An NOAA expert on oil disasters jumps in: “I think we need to be prepared for it to be the spill of the decade.”
Written on a whiteboard at the front of the room is the government’s initial, worst-case estimate of the size of the spill. While the figure is dramatically higher than any official estimate issued by BP or the government, it is in line with the high-end calculations by scientists who have monitored the spill.
“Estm: 64k – 110k bbls/Day.” The equivalent of up to three Exxon Valdez spills gushing into the Gulf of Mexico every week.

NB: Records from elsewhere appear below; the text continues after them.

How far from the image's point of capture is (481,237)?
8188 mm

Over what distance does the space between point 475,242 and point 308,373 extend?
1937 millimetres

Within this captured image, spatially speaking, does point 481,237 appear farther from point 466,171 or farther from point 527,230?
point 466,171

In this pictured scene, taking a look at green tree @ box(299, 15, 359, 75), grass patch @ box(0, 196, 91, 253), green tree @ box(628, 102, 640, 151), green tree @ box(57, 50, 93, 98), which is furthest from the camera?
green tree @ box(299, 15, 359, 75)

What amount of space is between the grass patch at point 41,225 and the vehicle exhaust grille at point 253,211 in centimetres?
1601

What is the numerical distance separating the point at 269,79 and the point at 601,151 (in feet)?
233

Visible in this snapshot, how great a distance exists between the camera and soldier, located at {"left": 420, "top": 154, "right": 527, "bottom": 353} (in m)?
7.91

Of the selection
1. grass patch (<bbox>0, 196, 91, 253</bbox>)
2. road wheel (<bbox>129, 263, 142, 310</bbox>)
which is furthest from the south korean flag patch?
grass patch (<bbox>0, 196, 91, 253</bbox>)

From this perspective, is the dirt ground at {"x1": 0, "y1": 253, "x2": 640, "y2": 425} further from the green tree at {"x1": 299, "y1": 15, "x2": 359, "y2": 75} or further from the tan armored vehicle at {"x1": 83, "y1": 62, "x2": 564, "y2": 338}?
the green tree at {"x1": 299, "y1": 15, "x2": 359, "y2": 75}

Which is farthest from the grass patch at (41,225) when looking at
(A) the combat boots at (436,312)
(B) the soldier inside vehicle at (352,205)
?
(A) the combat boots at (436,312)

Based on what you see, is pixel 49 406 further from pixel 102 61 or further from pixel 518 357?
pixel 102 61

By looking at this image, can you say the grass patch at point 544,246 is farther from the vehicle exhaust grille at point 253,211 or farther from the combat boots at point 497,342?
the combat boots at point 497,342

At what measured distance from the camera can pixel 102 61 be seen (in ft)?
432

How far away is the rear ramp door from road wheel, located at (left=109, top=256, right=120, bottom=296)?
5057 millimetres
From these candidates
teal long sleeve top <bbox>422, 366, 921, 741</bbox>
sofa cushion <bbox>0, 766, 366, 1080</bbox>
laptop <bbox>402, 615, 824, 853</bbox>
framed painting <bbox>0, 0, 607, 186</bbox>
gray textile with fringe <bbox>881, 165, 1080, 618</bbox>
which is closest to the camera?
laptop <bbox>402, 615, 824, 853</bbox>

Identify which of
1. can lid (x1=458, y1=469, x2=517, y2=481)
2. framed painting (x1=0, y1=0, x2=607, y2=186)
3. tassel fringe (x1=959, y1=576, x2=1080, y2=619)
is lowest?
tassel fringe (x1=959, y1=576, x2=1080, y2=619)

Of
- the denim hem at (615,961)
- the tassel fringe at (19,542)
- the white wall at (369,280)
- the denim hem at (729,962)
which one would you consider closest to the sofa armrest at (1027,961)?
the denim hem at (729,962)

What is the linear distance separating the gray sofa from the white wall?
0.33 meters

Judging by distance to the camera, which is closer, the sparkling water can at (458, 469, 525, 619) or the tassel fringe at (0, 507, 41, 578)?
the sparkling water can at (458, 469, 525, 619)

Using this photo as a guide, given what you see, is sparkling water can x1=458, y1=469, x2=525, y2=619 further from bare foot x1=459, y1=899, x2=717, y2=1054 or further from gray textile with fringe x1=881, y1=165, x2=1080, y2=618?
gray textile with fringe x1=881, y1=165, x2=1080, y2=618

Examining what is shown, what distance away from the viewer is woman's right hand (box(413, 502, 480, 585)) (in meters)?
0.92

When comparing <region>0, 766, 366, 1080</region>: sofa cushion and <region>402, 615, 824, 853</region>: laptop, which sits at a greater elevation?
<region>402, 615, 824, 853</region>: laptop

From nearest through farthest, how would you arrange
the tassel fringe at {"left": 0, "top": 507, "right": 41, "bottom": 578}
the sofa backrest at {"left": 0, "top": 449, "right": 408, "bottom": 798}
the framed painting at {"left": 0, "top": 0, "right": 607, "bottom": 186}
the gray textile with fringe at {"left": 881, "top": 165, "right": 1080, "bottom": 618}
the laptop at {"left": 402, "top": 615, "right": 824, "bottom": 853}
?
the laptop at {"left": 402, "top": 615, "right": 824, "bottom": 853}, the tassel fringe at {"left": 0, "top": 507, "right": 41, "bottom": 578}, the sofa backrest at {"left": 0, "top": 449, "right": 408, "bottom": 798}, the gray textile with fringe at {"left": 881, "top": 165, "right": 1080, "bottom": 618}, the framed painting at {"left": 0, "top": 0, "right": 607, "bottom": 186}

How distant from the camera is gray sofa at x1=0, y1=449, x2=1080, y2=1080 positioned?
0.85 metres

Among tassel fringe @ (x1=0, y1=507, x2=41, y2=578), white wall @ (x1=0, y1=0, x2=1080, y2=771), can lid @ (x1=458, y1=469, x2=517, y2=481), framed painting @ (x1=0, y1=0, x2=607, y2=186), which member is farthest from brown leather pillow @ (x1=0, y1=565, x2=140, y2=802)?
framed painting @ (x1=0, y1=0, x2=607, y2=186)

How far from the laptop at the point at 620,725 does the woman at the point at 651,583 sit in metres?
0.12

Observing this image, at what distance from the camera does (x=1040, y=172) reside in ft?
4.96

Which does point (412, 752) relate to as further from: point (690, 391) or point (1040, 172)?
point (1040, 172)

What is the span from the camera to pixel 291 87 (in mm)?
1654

Damningly, the whiteboard also documents the disconnect between what the government suspected to be the magnitude of the disaster and the far lower estimates it was feeding to the public. Written below the federal estimate are the words, “300,000 gal/day reported on CNN.” Appearing on the network that same day on a video feed from the Gulf, Coast Guard Rear Adm. Mary Landry insisted that the government had no figure. “We do not have an estimate of the amount of crude emanating from the wellhead,” she said.

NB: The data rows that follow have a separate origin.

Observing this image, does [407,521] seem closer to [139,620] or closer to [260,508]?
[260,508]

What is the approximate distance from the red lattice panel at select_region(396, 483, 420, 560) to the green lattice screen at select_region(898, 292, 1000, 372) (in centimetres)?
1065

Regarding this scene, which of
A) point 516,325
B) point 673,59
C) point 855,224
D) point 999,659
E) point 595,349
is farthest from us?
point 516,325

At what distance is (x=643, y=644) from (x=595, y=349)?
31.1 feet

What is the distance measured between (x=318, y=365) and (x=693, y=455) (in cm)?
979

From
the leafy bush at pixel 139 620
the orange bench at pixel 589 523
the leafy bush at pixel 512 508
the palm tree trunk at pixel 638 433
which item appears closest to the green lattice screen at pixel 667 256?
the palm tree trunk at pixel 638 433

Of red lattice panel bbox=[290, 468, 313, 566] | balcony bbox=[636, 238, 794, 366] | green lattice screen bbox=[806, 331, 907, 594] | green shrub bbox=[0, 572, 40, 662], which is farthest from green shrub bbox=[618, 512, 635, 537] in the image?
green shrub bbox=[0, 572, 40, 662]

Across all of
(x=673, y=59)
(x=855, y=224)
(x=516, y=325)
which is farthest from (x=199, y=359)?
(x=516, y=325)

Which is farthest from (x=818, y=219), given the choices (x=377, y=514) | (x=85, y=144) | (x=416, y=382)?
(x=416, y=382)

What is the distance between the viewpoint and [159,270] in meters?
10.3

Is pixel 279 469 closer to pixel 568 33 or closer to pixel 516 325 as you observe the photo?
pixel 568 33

Later in the video, a voice on speakerphone with a heavy Southern accent reveals that government scientists were concerned from the very beginning about underwater plumes of oil – a reality that NOAA administrator Jane Lubchenco and BP executives are still seeking to downplay. “They weren’t sure how that oil was going to react once it was spilled,” the voice says. “Whether it was going to rise, or form layers and start twisting around.” The government, in short, knew from the start that surface measurements of the oil slick – on which it would premise its absurdly low estimate of 5,000 barrels a day – were likely to be unreliable.
There’s more, much more, and all of it damning – unless you take some small comfort in that they reacted immediately in April. I’d quote more from the article, but I suggest you read the whole thing. It is packed with truths that BP and the government didn’t want us to know. One thing they did know though was:
MMS has fully understood the worst-case scenarios for deep-sea oil blowouts for more than a decade. In May 2000, an environmental assessment for deepwater drilling in the Gulf presciently warned that “spill responses may be complicated by the potential for very large magnitude spills (because of the high production rates associated with deepwater wells).” The report noted that the oil industry “has estimated worst-case spill volumes ranging from 5,000 to 116,000 barrels a day for 120 days,” and it even anticipated the underwater plumes of oil that are currently haunting the Gulf: “Oil released subsea (e.g., subsea blowout or pipeline leak) in these deepwater environments could remain submerged for some period of time and travel away from the spill site.” The report ominously concluded, “There are few practical spill-response options for dealing with submerged oil.”
That same month, an MMS research document developed with deepwater drillers – including the company then known as BP Amoco – warned that such a spill could spell the end for offshore operations. The industry could “ill afford a deepwater blowout,” the document cautions, adding that “no single company has the solution” to such a catastrophe. “The real test will come if a deepwater blowout occurs.”
Reading this article on the heels of the election results last night, I can only think we are so fucked.